Como aspectos positivos desta experiência pude constatar e passo a destacar:

  • Incentivar uma prática de estudo regular;
  • Fazer com que os alunos não se sintam perdidos, desorientados e desamparados durante a interrupção lectiva. Neste aspecto pude constatar como alguns alunos aumentaram a regularidade do envio de gravações à medida que recebiam respostas;
  • Responsabilizar os encarregados de educação pelo acompanhamento do estudo regular e pelo cumprimento do plano de trabalho;
  • Conhecer o local onde os alunos estudam e assim poder corrigir a postura dos mesmos;
  • Ver as dedilhações usadas pelo aluno, podendo identificar erros e sugerir uma melhoria;
  • Aprender a usar a tecnologia no que diz respeito à gravação, edição e conversão de vídeo através de algumas dicas relativamente a gravações caseiras, que forneci aos alunos;
  • Evitar que os rotores ficassem calcinados; 
  • Criar um acervo de vídeos para que os alunos possam ver-se e ouvir-se ao longo do tempo, de forma a poderem  constatar a sua evolução e verificar, nas próprias gravações, os aspectos que necessitam de ser melhorados. Algo que numa performance ao vivo se torna mais difícil de fazer;
  • Melhoria da minha capacidade de síntese;

Aspectos que necessitam de melhoria

  • Nos casos dos aluno mais novos senti que este processo deixa muito a desejar, uma vez que ainda não têm autonomia para corrigir aspectos rítmicos e de altura de sons com um simples feedback. Esses alunos requerem um feedback imediato e, se necessário, a mesma coisa explicada de diversas formas até compreenderem. Algo que neste processo se revela difícil já que é necessário esperar até à próxima gravação para poder explicar novamente tudo o que for necessário;
  • A grande maioria dos alunos tem telemóveis, tablets ou computadores com câmera e microfone, onde é possível percepcionar o ritmo e altura de sons, mas a qualidade de gravação nem sempre é ideal para que o timbre, articulações e as dinâmicas sejam claramente perceptíveis.
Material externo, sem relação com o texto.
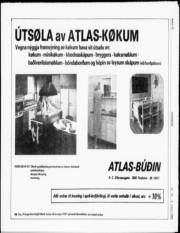Síða 12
Contudo, a evolução tecnológica faz com que gravadores de vídeo com ênfase na qualidade sonora como o Zoom Q2HD consigam ser encontrados por cerca de 95€, valores muito mais baixos do que até há bem pouco tempo.

 

Mesmo assim considero toda esta experiência como sendo globalmente positiva e, sem dúvida alguma, algo a repetir.